Posted 13 May 2021 15:04
Joy gave the group a talk on Mary Mitchell, a landscape architect she has been researching for her PHD. Mary Mitchell is one of the case studies group 3 are working on, she graduated from the MSA in 1953 with a Landscape Architecture Degree. We discovered a lot about Mary's career, she has been extremely influential and successful in the landscape profession and accomplished a lot in her lifetime. We discussed legacy for women, why her projects are less known or no longer exist in the built environment and the need to protect those projects that still exist. It was interesting to see that many of her projects were recognised, but we didn't know her name.
Posted 13 May 2021 15:28
Last we discovered that more women chose landscape Architecture before the 1990s. Our 2nd-year team member Claudia Rowe interviewed Vanessa Ross. We disused life what university life was like for a woman on the Landscape Architecture course in the 1990s, Vanessa Career, and how times have changed for the better. Although women are yet to be more recognised in senior positions in the built environment it is a delight to know that Vanessa owns her practice and has completed over 220 projects.
Posted 17 May 2021 09:12
Each group were asked to analyse the data provided by our collaborators, documenting every person who had enrolled and graduated from Manchester universities (excluding University of Manchester), in architecture or landscape architecture, from 1852 to 2005. Group 01 were given the years for the first wave of feminism (1852 to 1960). The group found that 8.5% of enrolments were women. Out of those women, 40% studied landscape and 60% architecture. This ratio of men to women would be expected for this period, as women’s rights were still progressing. However, we found it surprising that the second world war did not have a drastic effect on admissions, a small increase in women and decrease in men was documented.
Posted 18 May 2021 15:15
Group 02 looked at the second wave of feminism (1960-1990). While the ratios of women to men are still extremely low, the number of women enrolling in these courses was increasing. This may be a result of women’s rights improving. Another factor would be Manchester Metropolitan University merging with the University of Manchester in the 1990s, to create the Manchester School of Architecture, causing a rise in admissions. It was also noted the amount of women studying landscape architecture was higher than architecture.
Posted 18 May 2021 15:18
Group 03 analysed the third wave of feminism (1990-2000). The data after 2000 is slightly inaccurate, therefore this is where the data stops. The ratio of men to women is improving, however it is still 2/3 male to 1/3 female. However, as a collective we found this was a great improvement compared to the first wave percentage of 8.5%. The group found it shocking how imbalanced these figures were, especially considering the year 2000 was not that long ago.
Posted 18 May 2021 15:22
The 'How Women Build' blog is nearing completion and will be LIVE tomorrow!

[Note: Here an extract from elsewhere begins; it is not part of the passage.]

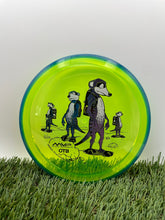 Load image into Gallery viewer, Axiom Soft Proton Crave Fairway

The How Women Build blog is a repository of research and data undertaken by both Helen Aston, Dr. Luca Csepley Knorr, and the How Women Build MSA Live team, with a primary focus on outlining the MSA's contribution to educating female designers within architecture and landscapes.

Not only will the blog provide information on the upcoming conference, but it will also celebrate the lives and works of women practitioners who build and have built, who may never have been recognised.
Posted 19 May 2021 11:42
Here are some images of our feminist timeline coming together by Group 02.

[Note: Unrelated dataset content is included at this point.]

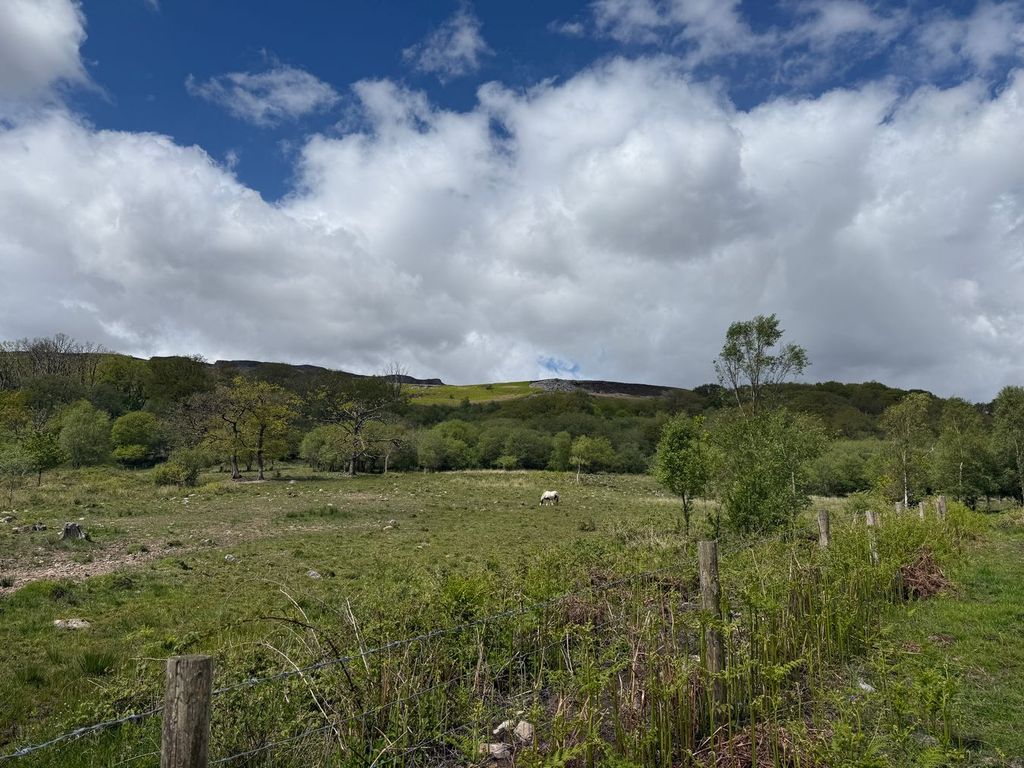 Additional image 14 of Farm for saleYnyswen, Penycae SA9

The timeline records gender, architectural and landscape history, worldwide historical events, as well as the many previous adaptations of the Manchester School of Architecture, to learn and highlight the trends and common themes of female admissions in the last 100 years.

It has been interesting to discover how the later waves of feminism and the merging of The University of Manchester and Manchester Metropolitan University to create the school of architecture caused spikes in female admissions.
Posted 19 May 2021 12:00
Here is a selection of some of the work from Group 03.

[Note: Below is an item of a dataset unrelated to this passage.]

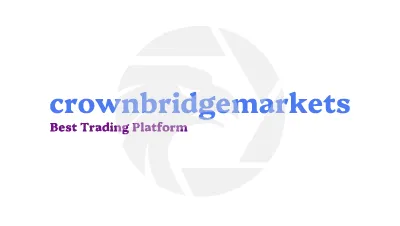 crownbridgemarkets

Using case study research from the previous week, Group 03 has been creating a series of feminist posters which celebrate the lives of female graduates from the Manchester School of Architecture. The posters not only name these women, but they explain what they have built, what they went on to do, and what they do now.

We can't wait to show the final outputs in the coming days!
Posted 19 May 2021 12:20
This group started off looking at feminist propaganda posters, historic and modern examples. They were keen to find any reoccurring interesting images that could be used in the wallpaper. After this, the group moved onto look at wallpaper precedents, although this imagery was interesting, they didn’t feel like this aligned with the type of wallpaper we wanted to create. Each group member created a concept design for the feminist wallpaper.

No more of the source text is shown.